When not to MAC filter
But if your wireless networking environment is very dynamic, with new devices being added or subtracted all the time, or you’re managing a large enterprise network with thousands or hundreds of thousands of devices, the headaches involved in maintaining and constantly updating a MAC filtering table may be just too onerous to make it worthwhile.
There are tools that could make it easier, such as WPS (Wi-Fi Protected Setup). Sharony says extensions to the WPS automatic connection approach, using near field communications (NFC), could allow a network administrator to simply hold a new device near the AP and have it automatically added to the network and to a MAC filtering table at the same time. But such products don’t quite exist yet.
There may also be situations where the base network population is small and/or unchanging enough to warrant using MAC filtering, but you want to occasionally or even often add guest devices – to let visitors to your office use your network while they’re there, for example.
In that situation, Sharony says, many modern access points allow you to set up a second network completely separate from the main network, with a different SSID (service set identifier). The main network could be protected by a combination of encryption and MAC filtering, while the second, guest network is open.
MAC filtering instead of encryption?
Are there situations where you might want to use MAC filtering only?
“I cannot think of any situation where it would be advisable to not use encryption,” Henry says. “With so many protocols and programs in use [on the Web] that are not encrypted, and with the availability of freely downloadable [hacker] tools to capture wireless traffic, it simply makes sense to encrypt wireless communications.”
But Sharony says MAC filtering only might make sense when using a personal hotspot, such as one of the MiFi products from Novatel Wireless – in a moving car, for example, with family members or colleagues. These devices connect to the Net over a 3G network and then provide local Wi-Fi connectivity to a small group of computers.
“You could use it [MAC filtering] with or without encryption,” he says. “Sometimes encryption is cumbersome because you have to give everybody the key.”
Black list or safe list
Most of the time, you’re going to want to use inclusive MAC filtering — only allow these specified devices to connect. But there could be situations where you want to create a black list instead.

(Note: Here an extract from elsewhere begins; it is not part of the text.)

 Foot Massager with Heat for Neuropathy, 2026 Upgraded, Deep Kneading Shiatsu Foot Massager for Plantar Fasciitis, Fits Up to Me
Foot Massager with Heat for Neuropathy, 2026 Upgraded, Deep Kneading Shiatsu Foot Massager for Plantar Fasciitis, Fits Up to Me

If it didn’t make sense to use inclusive MAC filtering for the reasons suggested above, you might still want to make doubly sure that some devices — personal devices owned by employees no longer with the company, for example — could never connect. Other examples might include devices identified as having been associated with denial of service attacks in the past, or neighbors you suspect of trying to hack your network to piggyback on it for free Internet access.
Henry suggests it’s a good idea to include company computers in a black list for the open guest network in your office so that none of your devices with sensitive data could accidentally be connected to the open network.
It’s even possible for a network administrator to block all devices from certain vendors from connecting if they’re known to have compatibility issues with your network, Sharony points out. The first two character pairs in the MAC address identify the manufacturer.
As Henry says, MAC address filtering is by no means the Holy Grail of wireless security, but it is, in many situations, a useful complement to encryption. Just be aware that it can be compromised, and pay attention to encryption best practices too.